Travels without mindset

Yesterday I went to a little place called Onrus, near Hermanus in the Western Cape, with some of my friends from student government. We were to meet the new first years to our faculty at their welcoming camp.

After spending a few hours in the sun watching the “kids” play (we felt rather old), we decided it was time for a drink. So we headed to a quaint little place called The Gecko Bar at a nearby harbour. I feel quite an affinity towards the place since we do share a name (see the “About Me” page).

This bar is practically on top of the ocean. You can see the waves breaking and the swell of the water, you can feel the sea spray and smell the salt as it drifts along the cool ocean breeze.

Some of my friends wanted to have a smoke, but the outside tables were all taken. And so one of them pranced right out and approached a young foreign couple sitting alone at a rather large table and asked if we might join. As if they had much of a choice.

After the obligatory banter, the guy (who is German, as is his girlfriend) commented, “[South Africa] is rather boring.”

I was a bit caught up in the waves and didn’t quite realise what he had said, but it provoked some intense discussions among me and my friends later on.

When one travels, we decided, one is a guest. You do not declare something to be “boring” until you have tried it all and you remain humble. That is something which you will ALWAYS see in South African tourists, and when you visit their country they will expect the same.

More importantly (and this was mostly the intellectual brainchild of one of my friends, the one who took us to the bar) one should travel with an open mind, not caught up in your own mindset. One should not travel to see more of what is already in your own country. You travel to experience new things, to redefine your perception of beauty, of culture, of adventure.

When travelling to South Africa, you will not really see many ancient buildings or cathedrals. You will not see art galleries with world-famous portraits (although these are slowly starting to blossom in the country).

What you will see is breathtaking natural beauty. The ocean and the sky choreograph ballets the likes of which you will be hard pressed to find elsewhere in the world. Every province will offer you a different kind of beauty – the dusty beauty with flocks of flamingos in the Northern Cape, the Fynbos in the Western Cape, the Cango Caves, Ostrich farms, Nature Reserves nationwide where you may be fortunate enough to see mother and child interact. The lush forests and tropical beauty of the Eastern Cape. And then there are the people, who are easy to talk to you and always hospitable.

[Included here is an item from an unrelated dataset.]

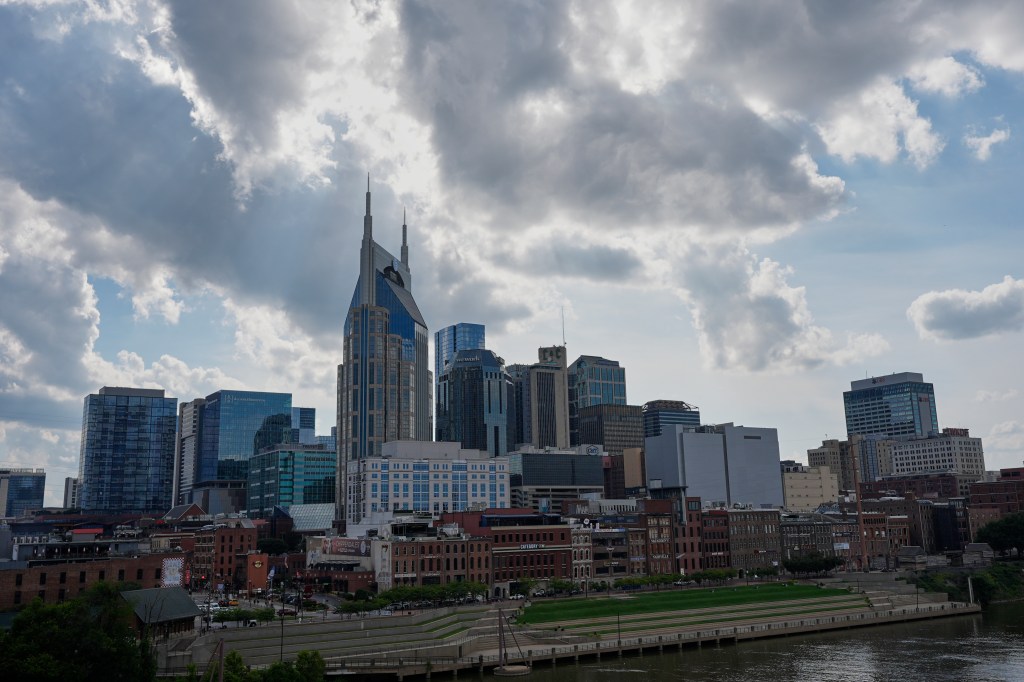 The Nashville, Tennessee skyline with the Batman Building prominent, under a partly cloudy sky.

You will always be welcome in South Africa, but whether or not your heart welcomes the spirit of this country is completely up to you.


  1. I definitely want to see all the beauty that is South Africa! I already know some of its people and they are so lovely, warm and fun. I don’t know when I’ll get there, but I hope to one day make that journey. Too bad those Germans didn’t allow themselves to take in what your country has to offer.

  2. Thank you, Jackie! 🙂
    I especially appreciate your comment since I am sure you’re still trying to minimise typing for your wrist/hand’s sake.
    I hope that SA gets to welcome you here very soon.